States operating demonstration projects using non-merit-based staff
systems have shown positive performance outcomes and have provided
similar quality services under WIA using non-merit-staffed employees.
While we continue to promote uniformity in administrative procedure, we
find that variation from delivery by State merit-staffed does not
negatively affect the effectiveness and efficiency of the Wagner-Peyser
Act-funded Employment Service program.
Under our authority to develop and prescribe minimum standards of
efficiency for the provision of State public Employment Services, we
will no longer require that these services only be delivered by State
merit-staffed employees. Accordingly, we propose to remove 20 CFR
652.215 and 652.216 and replace them with a new Sec. 652.215 that
specifically authorizes States to deliver Wagner-Peyser Act-funded
Employment Services through methods in addition to State merit-staffed
delivery systems.
The requirement under the current regulation is reflected in Office
of Personnel Management (OPM) regulations under the Intergovernmental
Personnel Act, which identifies the Wagner-Peyser Act as among the
Federal programs containing statutory merit-staffing requirements. (5
CFR part 900, subpart F, Appendix A). Because we no longer interpret
the Wagner-Peyser Act as containing a mandatory merit-staffing
requirement, there are no longer any functions and duties relating to
the Wagner-Peyser Act to be transferred to the Director of OPM under
the sec. 208 of the Intergovernmental Personnel Act (Pub. L. 91-648).
We have consulted with OPM on our determination to no longer require
that Wagner-Peyser Act-funded services be delivered only by State
merit-staffed employees. The Director concurs that this determination
is within the scope of the Secretary's authority to administer the
Wagner-Peyser Act. The OPM intends to amend Appendix A to remove the
Wagner-Peyser Act from the list of programs identified as having a
merit system of personnel. Guidance on services to veterans provided
under 38 U.S.C. Chapter 41 will be issued separately by the Office of
the Assistant Secretary for Veterans' Employment and Training Service.
The Department made this determination based on a number of
factors. Eliminating merit staffing requirements provides maximum
flexibility to all States, and encourages innovative and creative
approaches to delivering employment services with limited resources.
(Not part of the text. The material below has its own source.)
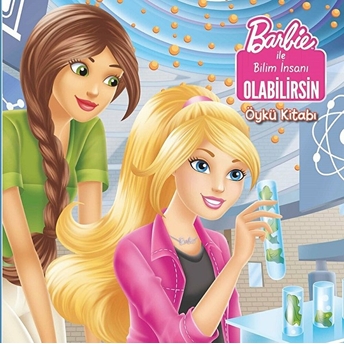 Barbie Ile Bilim Insanı Olabilirsin Kolektif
The policy of requiring all Wagner-Peyser services to be delivered by
State merit-staffed employees is an anachronism that creates rigidity
and severely limits flexibility in the delivery of services. It does
not take into account the intended integration of employment services
into the One-Stop delivery system, nor the wide variety of State and
local arrangements for delivering these services. This change allows
States to deliver services in the manner they feel is most effective
and efficient. Some States have taken the initiative to achieve greater
flexibility already.
Three demonstrations have showed that it is possible to deliver
Wagner-Peyser services efficiently and effectively using non-State
merit-staffed employees. Under section 3(a) of the Wagner-Peyser Act,
beginning in the early 1990s, the Department authorized demonstrations
of the effective delivery of Wagner-Peyser Act services utilizing non-
State agency employees in the States of Colorado, Massachusetts, and
Michigan. These three demonstrations were permitted as exceptions to
the merit staffing regulations in order to assess the effectiveness of
alternative delivery systems--specifically, whether using non-State
agency employees was an effective and efficient way to deliver Wagner-
Peyser services. While a formal evaluation of the three Wagner-Peyser
demonstrations has not been completed, the Department believes the
three demonstration states are performing successfully based on their
performance outcomes and the absence of customer or stakeholder
complaints. Performance for the three states for the Program Year
ending June 30, 2005 was similar to the national average performance
under Wagner-Peyser.
In addition, the Department has found that similar services are
effectively delivered through systems without merit staffing
requirements. States have had experience administering similar services
through non-merit staff personnel dating back to 1982 under the Job
Training Partnership Act and WIA. WIA formula programs provide similar
services using non-merit staffed employees (WIA has no merit-staffing
requirement). Examples of similar services include: job search
assistance, job referral and placement assistance for job seekers, re-
employment services to unemployment insurance claimants, and
recruitment services to employers with job openings. WIA outcomes for
the Adult and Dislocated Worker Programs for the Program Year ending
June 30, 2005 were higher than those for the Wagner-Peyser program.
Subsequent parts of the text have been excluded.